結論を書く。その言葉は嘘ではない。これは、新時代のライトノベルだ。
田舎町のひと夏を描いた作品だ。ボーイ・ミーツ・ガールの鉄板であり、もはや「出尽くした」ネタと言える。
しかし、作品の質は違う。新しい輝きに満ちている。全てのページに、高潔さが見て取れる。
美しい文章で描かれる登場人物の心理描写は豊かで、ページを紐解くごとに夏の風や草木の香りが立ちこめるような錯覚に私は囚われていた。
主要人物は皆、「何か」を喪失する。ちょっとした(だが、重要な)地位や、膨大な時間や、信頼関係だ。
喪失の過程で悪意に傷つけられたり、戸惑ったり、迷ったりする。こう書くと陳腐だと思われるしれない。

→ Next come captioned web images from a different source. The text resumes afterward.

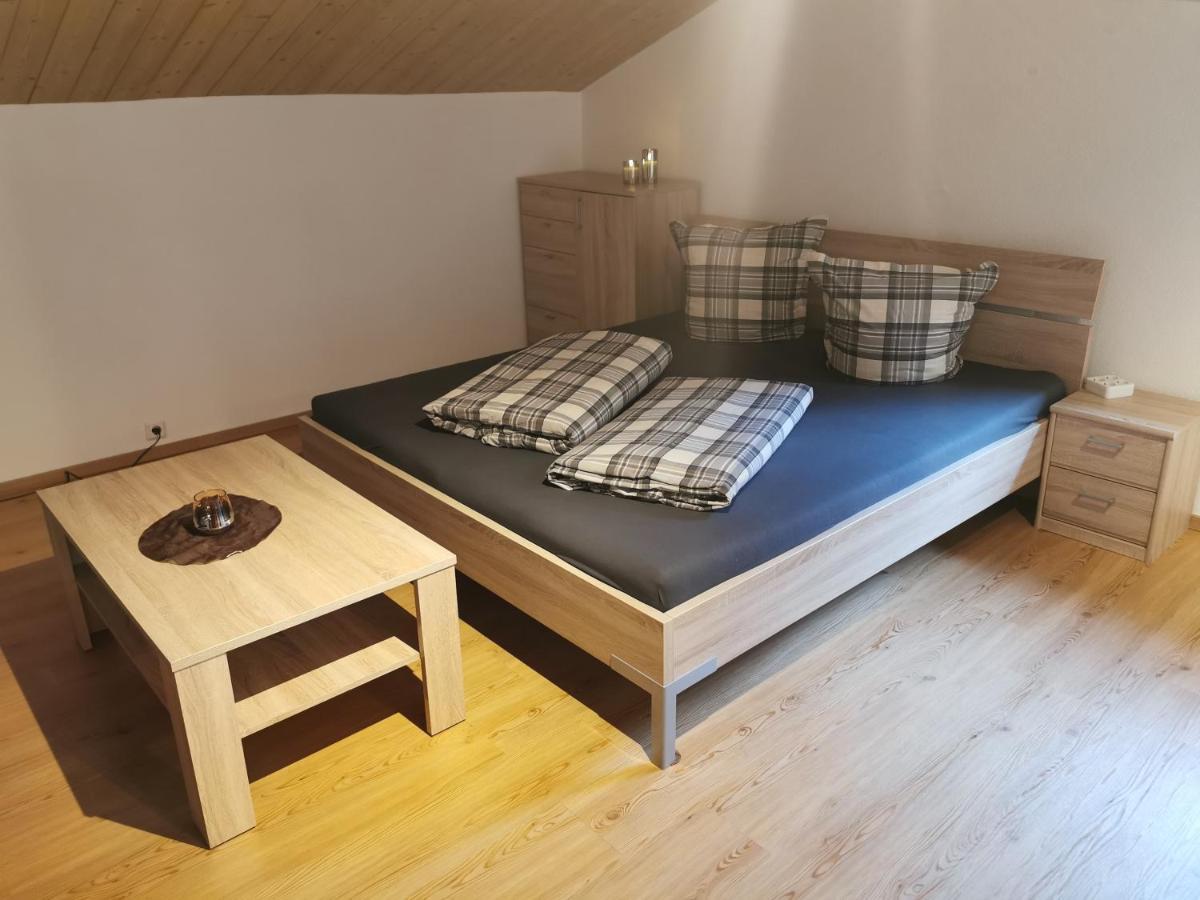W2 Grosszuegige Wohnung In Ruhiger Lage Vorderhornbach Екстер'єр фото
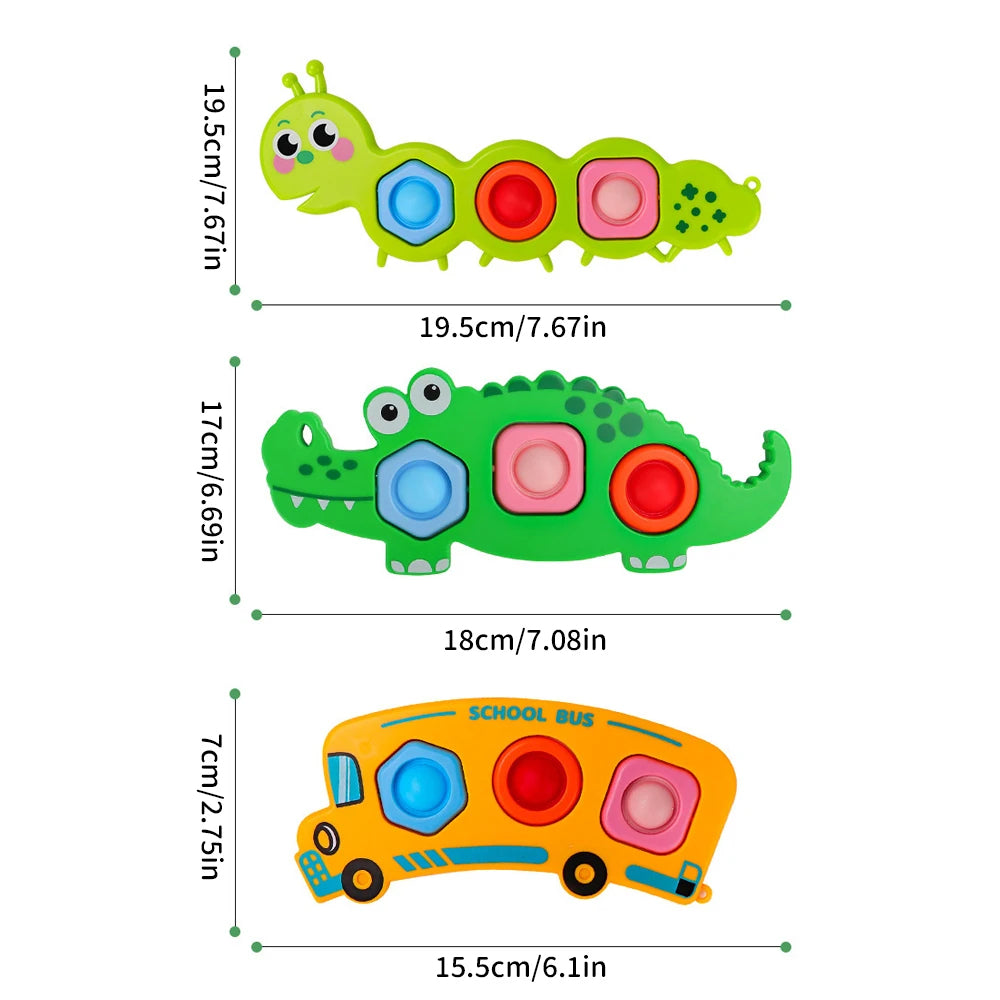 Finger Press Fidget Toy – Sensory & Motor Skill Fun for Kids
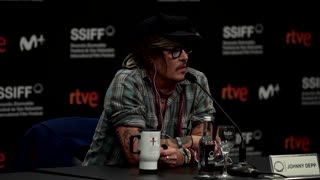 Johnny Depp decries 'cancel culture'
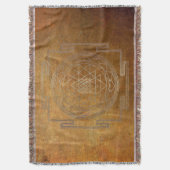 Sri Yantra en cuivre - couverture (devant Vertical)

だが、思春期の時は、皆大抵そんなものだったのではないだろうか? 大人になるごとに年月が流れるのは早く感じるが、教室の1日は長く、濃い。
主人公は早世した妹を取り戻すために、異常な速度で時間が進行する「ウラシマトンネル」を駆けていく。
登場人物たちが喪失の果てに「何」を得たのかを、今を生きる少年少女達と、嘗て夏休みを過ごした全世代の大人に目撃をして欲しいと祈る。